Motherhood: The Great Humbler

Ah, it's Mother's Day. I never considered Mother's Day to be a day for me until one day it happened, and there was Tate, gripping a little box in his three month old hands as a hand over from his papa. It sort of floored me - that I was suddenly a member of this group of women that I had always honored. Since then, it's been one of my favorite days of the year -- maybe after Thanksgiving and the Christmas-Tree-Cut-Down-Day. 

I have pondering Mother's Day all month this year. Reflecting on all of the women in my life who have shaped me and who continue to be enormous, inspirational influences in my life. Today as I was running in a park and wished another woman a Happy Mother's Day, I realized that somewhere along this journey of female-hood, all competition between me and other women melted away and they truly became sisters, teachers to me. I am pretty sure that it was the same time that I became a mother myself, although some of the women in my life that are my teachers are not necessarily mothers themselves. Perhaps this is because motherhood is the great equalizer, the great humbler, and I opened myself up to their lessons. 
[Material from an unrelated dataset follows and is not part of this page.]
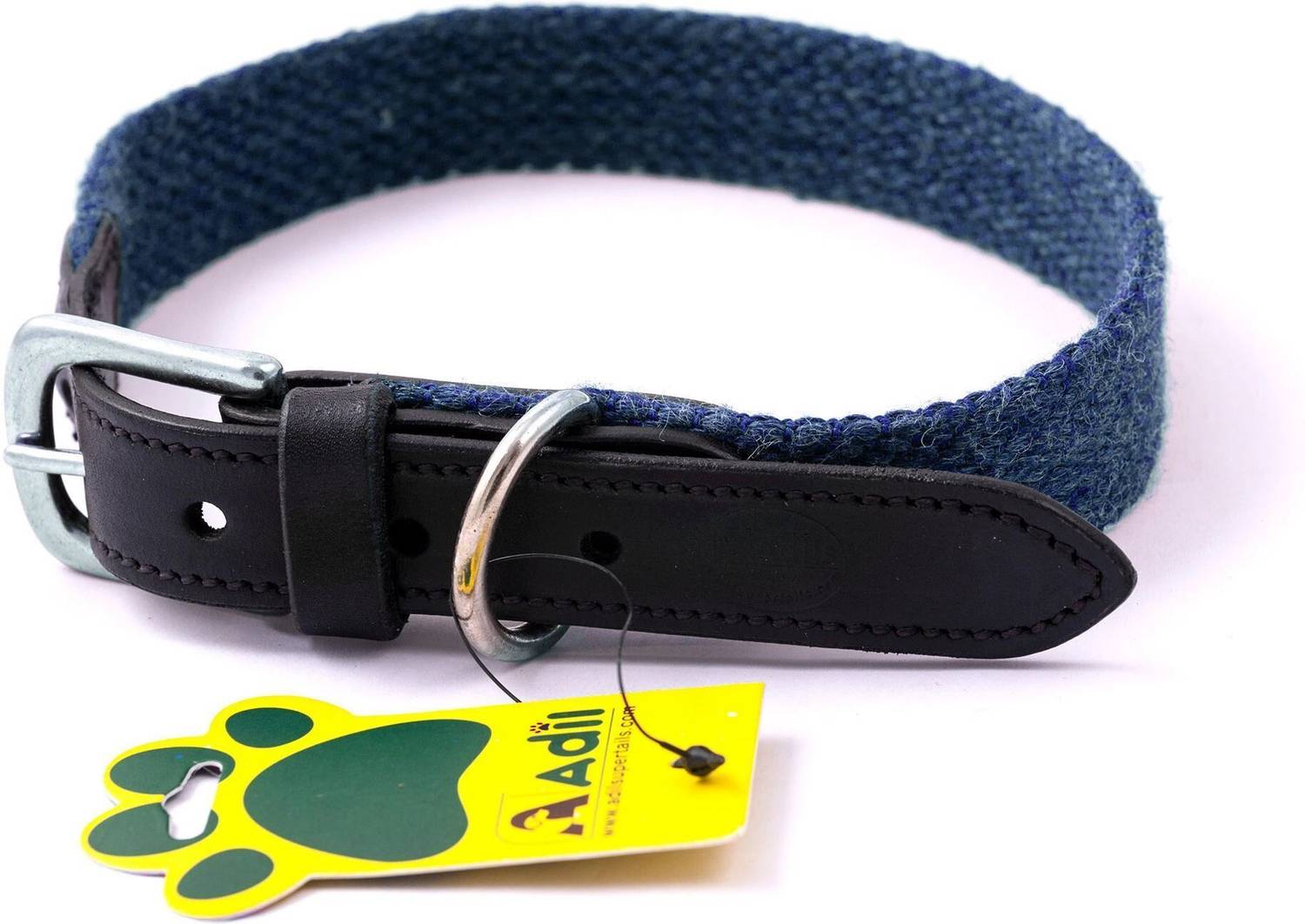 Sparrow Daughter Cotton Leather Dog Collar | Neck Belt for All Breeds- (12 X 26 Inch) Dog Everyday Collar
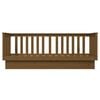 vidaXL Day Bed Honey brown Solid pine wood Twin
It's a time in life when you are so sleep deprived that you are sure it should be illegal for you to share the road and when you find yourself sleeping on a carpet next to a crib, straining to recall the last refrains of Michael Row the Boat Ashore because your toddler is mumbling "more, more." Women go through the weird wonders of pregnancy and the barriers begin to break down as you laugh about how you can't sneeze without peeing your pants and how this-weird-thing-happened-today-and-is-that-okay.  And then when the baby is born, you find yourselves leaning over cups of steaming tea with wide eyes, whispering about chaffed nipples or the time that you lost your patience with your toddler or how terrified you were when your child had a febrile seizure or the horror you faced when you had a miscarriage or the time that you were so overwhelmed with the love of your child that when he took your face in his sweaty little hands and said, "Hi, angel", your heart burst into a million pieces. 
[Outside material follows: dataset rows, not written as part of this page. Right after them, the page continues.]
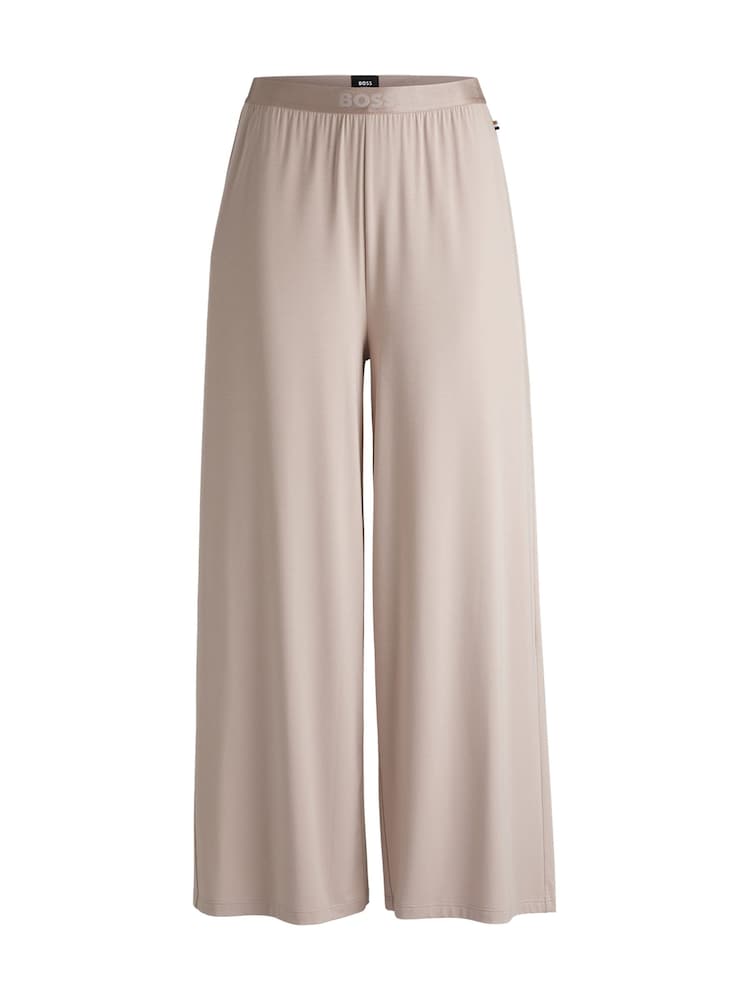 BOSS Natural Stretch Jersey Wide Leg Bottoms - Image 5 of 5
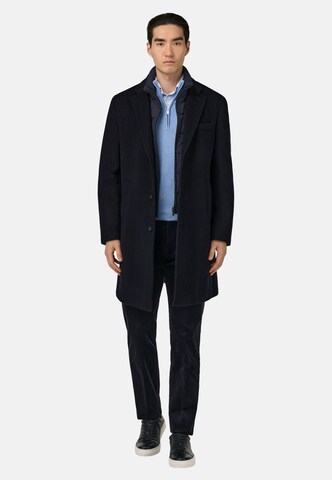 Boggi Milano Between-seasons coat in Blue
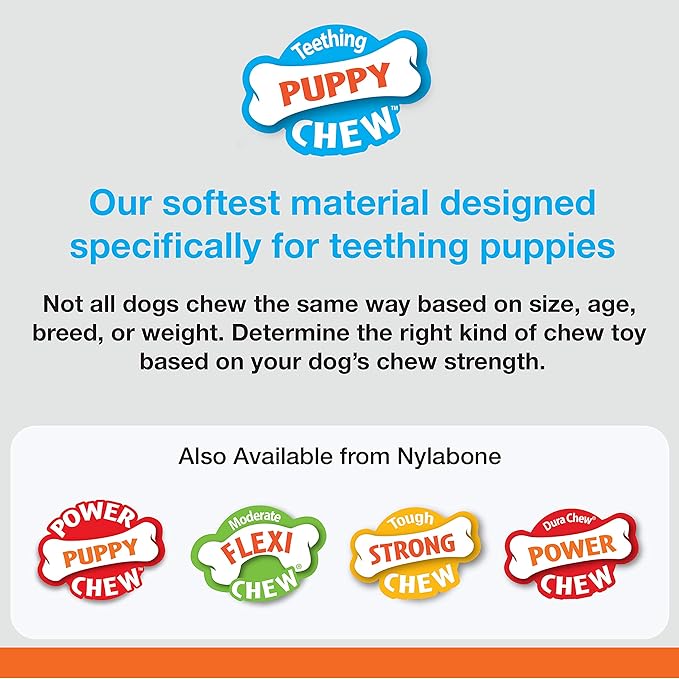 Nylabone Ring Bone Chew Toy for Puppies, Puppy Teething Toys, Puppy Enrichment - Image 2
There was a time in my life when I cared if Girl A made a 98 on an English paper when I made a 93. I actually used my elbows against girls when running the 1600 back in high school, and yes -- they were pointy. When you are a child, none of that competition exists -- if they are on the playground and so are you, well then it's a good match. It creeps up when you are in high school, college, and then a bit after. But then when the gravity of things so much bigger than yourself creep onto your lap, you find yourself looking across the table and asking each other for help, for understanding, and for grace. This has been one of the biggest gifts of motherhood to me: genuine sisterhood with other women. 

My mom has taught me that she has such an abundance of love to give me when I open up to her. 
My sister has taught me that when I am in trouble, she is the first person to have my back. And she will call incessantly until I am better. 
My sister-in-law, Erin, has taught me about the strength of being gentle.
My dear Molly has reminded me to stay true to myself, to the Leslie that hung upside down with her on the monkey bars in my backyard for most of my childhood.
My lifelong friend and mentor Lynne has shown me an incredible example of happy individuality, happy motherhood, and a happy marriage. She has been both a rock and a soft place to land on when I'm exhausted. 
My grandmother has shown me strength in her ability to be more vulnerable, more seen, even as she gets older.
My friend Bekah has shown me what courage there is in admitting that you need help when you do, and what freedom and joy comes as a result of that.
My friend Erin has taught me about the joy of providing a wholesome, warm, peaceful environment.

These are just a few that I wanted to share. Tonight, in addition to the wonderful blessing I have in my sweet Tate, I am thankful for these women that have taught me so much about being a woman, about being a mother.